Medical Records and Photographs
Documentation of third-degree burns covering 6% of body surface area (inner thighs, perineum, buttocks, and groin), including clinical photographs showing full-thickness tissue destruction. Treatment records: 8 days hospitalization at Presbyterian Hospital, debridement of necrotic tissue, multiple skin graft surgeries, 2-year recovery period including physical therapy for scar contracture. Permanent scarring documented at 16% disfigurement rating. Dr. Charles Baxter (burns specialist, Parkland Memorial Hospital) provided expert opinion that these injuries are consistent with contact of liquid at approximately 180°F for 3-5 seconds and would have been vastly less severe at 155°F or below. Plaintiff was 79 years old, with age-thinned skin increasing vulnerability to thermal injury.

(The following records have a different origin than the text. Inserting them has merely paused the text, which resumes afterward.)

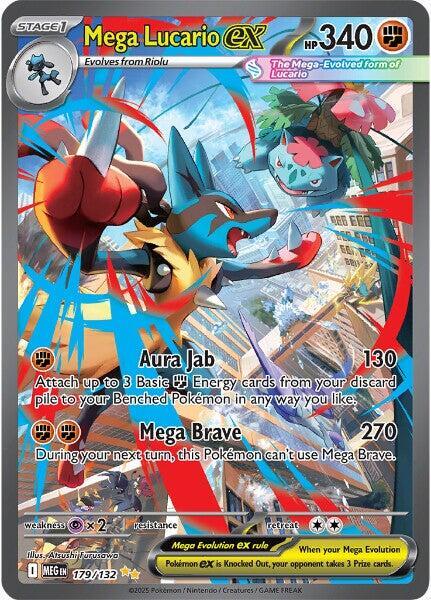 Mega Lucario ex - 179/132 - Pokémon
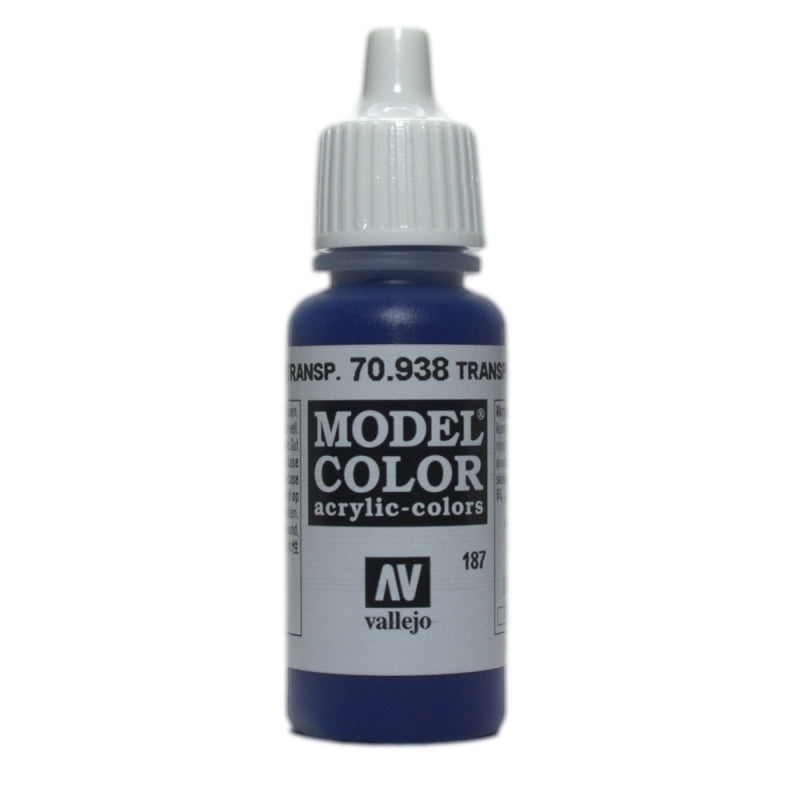 Vallejo Model Colour Transparent Blue 17 ml - Ozzie Collectables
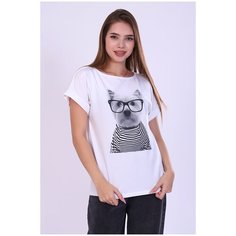 Футболка Натали, размер 54, белый Natali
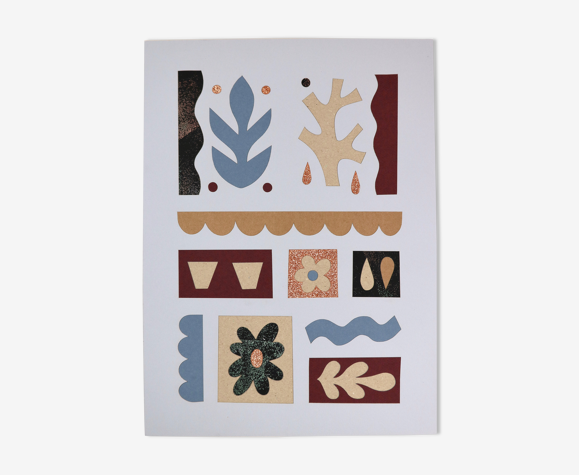 Les Terrasses - illustration collage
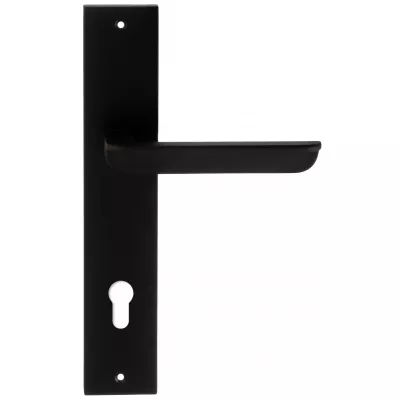 Дверная ручка на планке Extreza "FOSSA" 136 PL11-CYL-85 черный матовый F22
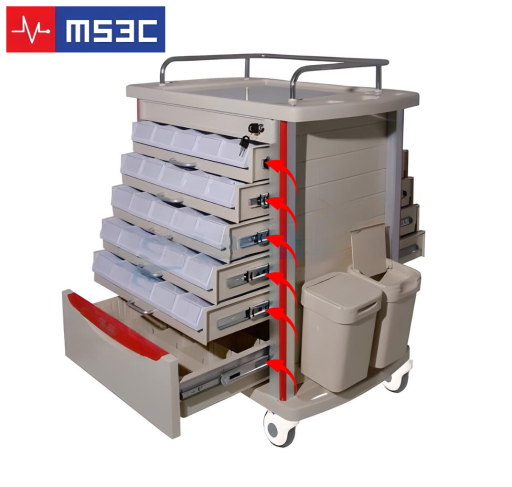 Replacement Drawer Slides for 200M Lite Mobile Medicine Cart Set Of 6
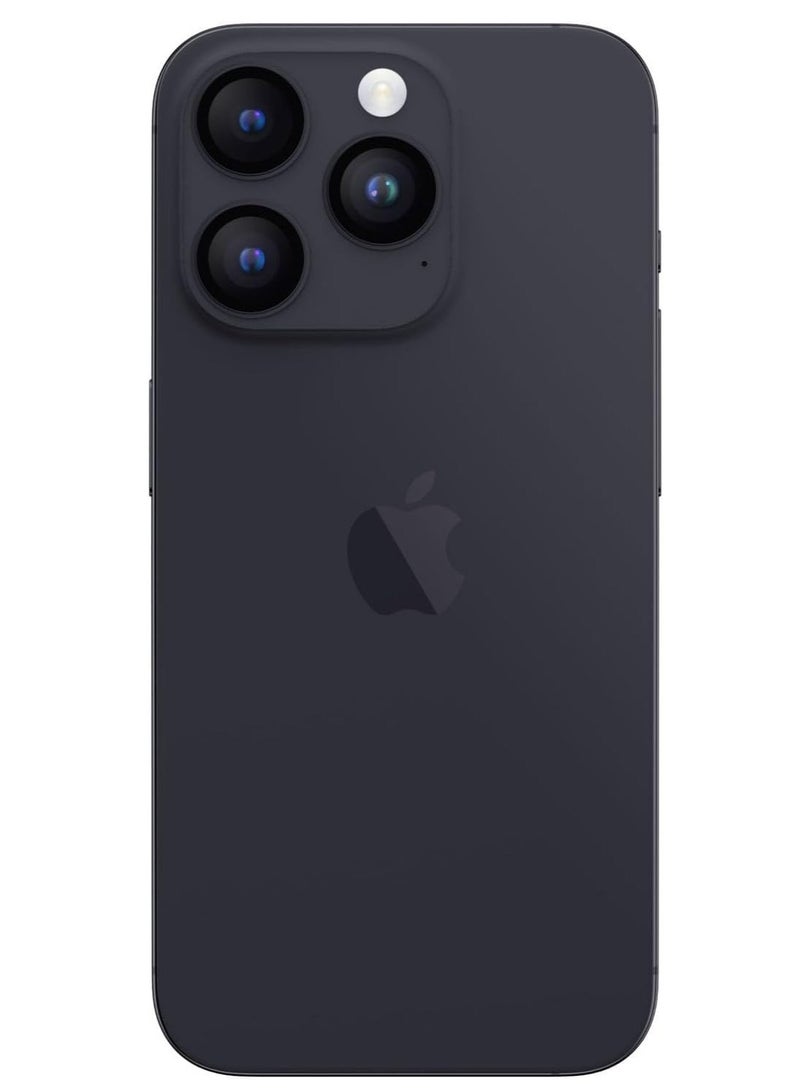 إلترازون واقي عدسة الكاميرا لهاتف iPhone 15 Pro وiPhone 15 Pro MAX من الزجاج المقوى الفائق لعدسة AR (أسود) - Image 4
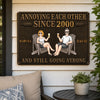Personalized Home Decor Metal Sign – Wedding Anniversary Gift For Couple – Proud & Still Going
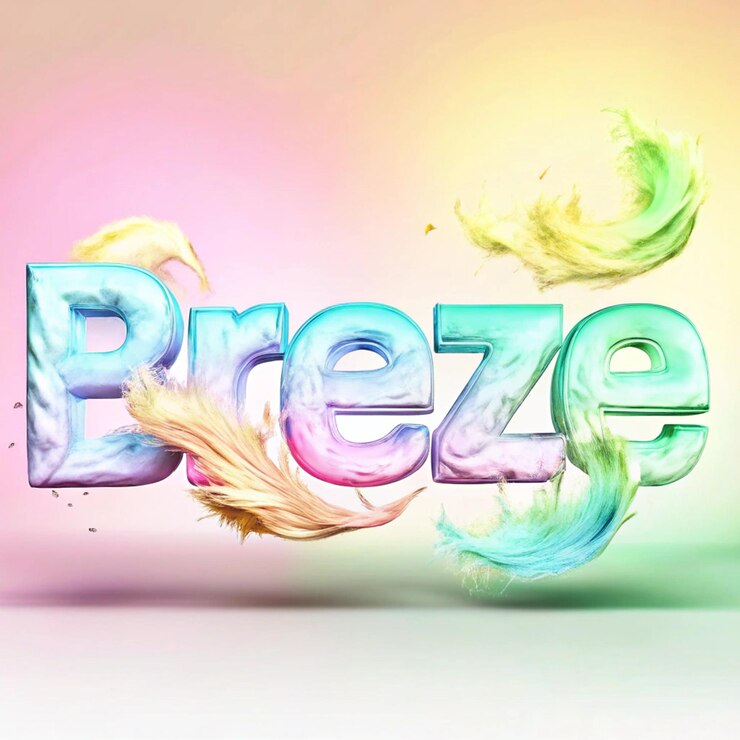Foto la luz de la brisa suave y la tipografía aireada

Expert Report on Burn Injury Thresholds
Thermodynamics expert report establishing: at 180°F, full-thickness (third-degree) burns occur within 2–7 seconds of skin contact; at 160°F, the same injury requires approximately 20 seconds; at 140°F, serious burns are unlikely even with prolonged exposure. Home coffee makers typically produce coffee at 135–140°F; restaurants serving for immediate consumption commonly serve at 155–160°F. The 180–190°F policy placed McDonald's coffee 30–50°F above the typical dine-in restaurant standard. The report concludes that the "extra-hot" policy created a foreseeable, unreasonable risk of severe injury with no meaningful consumer benefit (coffee is too hot to drink at 180°F and must cool regardless). Defense challenges the report under Daubert, arguing the expert's comparisons are misleading because drive-through customers expect hotter coffee to account for transport cooling.
Pre-Litigation Settlement Correspondence
Liebeck's initial demand letter (August 1992) requesting $20,000 to cover medical bills and lost income for her daughter (caretaker). McDonald's counter-offer: $800. Court-ordered mediation (1993): mediator recommended $225,000 settlement; McDonald's refused. The escalation from a $20,000 request to a $2.86 million jury verdict is presented to show McDonald's intransigence and disregard for the injured party. Defense will argue this entire exhibit is inadmissible under FRE 408 (compromise offers and negotiations) and that showing the jury a rejected settlement creates unfair prejudice by suggesting McDonald's was unreasonable when they were simply exercising their legal right to go to trial.
Dr. Charles Baxter (Plaintiff's Burn Expert)
Burns specialist at Parkland Memorial Hospital, Dallas
The burns Mrs. Liebeck sustained are consistent with prolonged contact with liquid at approximately 180°F. These are severe third-degree burns requiring grafting. Coffee at this temperature is unreasonably dangerous.
McDonald's Quality Assurance Manager
McDonald's corporate representative on beverage standards
Our customers want hot coffee. We have sold billions of cups of coffee. The prior complaints represent a very small fraction of our sales volume, and we believe customers understand that coffee is hot.
Stella Liebeck (Plaintiff)
79-year-old retired department store clerk, Albuquerque, NM
I was sitting in the parked car and placed the cup between my knees to add cream. It tipped and spilled across my lap. I had no idea coffee could cause this kind of burn. I just wanted my medical bills covered.